NEW YORK—The main contractor behind the CityTime payroll timekeeping system has agreed to repay $500.4 million after admitting to defrauding the city “into significantly overpaying for CityTime,” according to the released prosecution agreement.
The main contractor behind CityTime, Science Applications International Corporation (SAIC), will pay the United States Marshals Service more than $500 million in settlement charges.
It is the largest award the city’s Department of Investigations, which partnered with the U.S. attorney for the Southern District of New York, has ever recovered, according to the mayor’s office.
Of that money, $466 million goes to New York City as compensation for its losses. Another more than $40 million, owed to the corporation by the city, will be waived. The city ends up recouping more than $500 million. Along with funds already frozen or recouped, the city has been reimbursed for most of the costs of the project, the city said in a statement.
The project was originally budgeted to cost $63 million, but cost overruns led the city to pay close to $700 million.
CityTime, a digital timekeeping system for city employees, began in 2000, aiming to replace a paper-based timekeeping system and save taxpayer money. It currently services more than 163,000 city workers.
“We have developed evidence that the corruption on the CityTime project was epic in duration, magnitude, and scope,” reads a statement by Manhattan U.S. Attorney Preet Bharara and Rose Gill Hearn, the commissioner of the New York City Department of Investigation, in a press release from June 20, 2011, when the indictment was unsealed after new evidence suggested kickbacks in the project reached $40 million.

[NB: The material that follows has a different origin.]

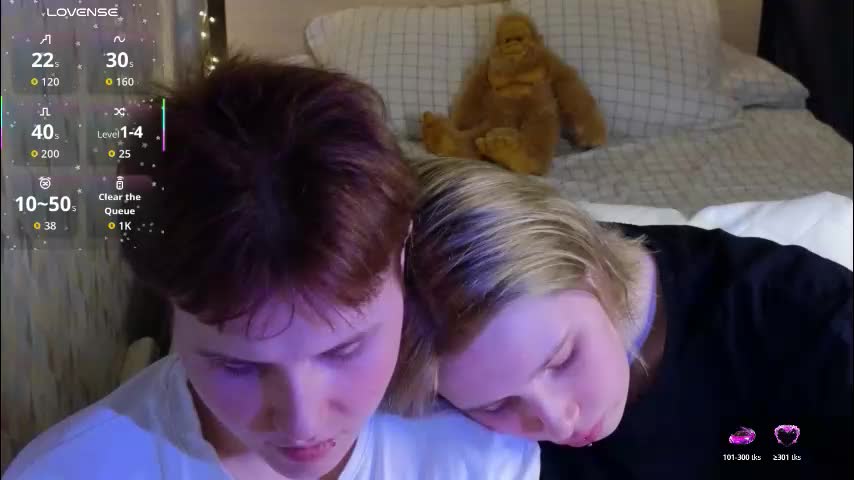 berry_assortment Cam Model Chat March 27, 2026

The attorneys said that Mark Mazer was given authority to serve as a principal agent and representative of the NYC Office of Payroll Administration (OPA), the city agency in charge of CityTime, but “used his authority at OPA to approve timesheets for consultants who were on leave, who had been fired, and who were working less time than was reported.” This kind of behavior allegedly led to cost overruns, such as the number of consultants more than doubling to 300 plus, and consultants billed at rates of $160 per hour—or more than $300,000 per consultant, per year.
The indictment alleged that SAIC executives received millions of dollars in kickbacks for work steered to Technodyne, and that Mazer allegedly received more than $25 million in kickbacks for his efforts.
The prosecution settlement, announced by Mayor Michael Bloomberg and Department of Investigation Commissioner Rose Gill Hearn on Wednesday, absolves SAIC of any potential criminal liability. The city cannot pursue any claims against them in the future.
“Today’s settlement is a major victory for taxpayers, and just as importantly, it is a major victory for justice and public integrity,” said Mayor Bloomberg, who had requested a reimbursement of the entire CityTime project in June 2011.
The technology company will continue to be reviewed by an independent monitor appointed by U.S. attorney’s office for three years.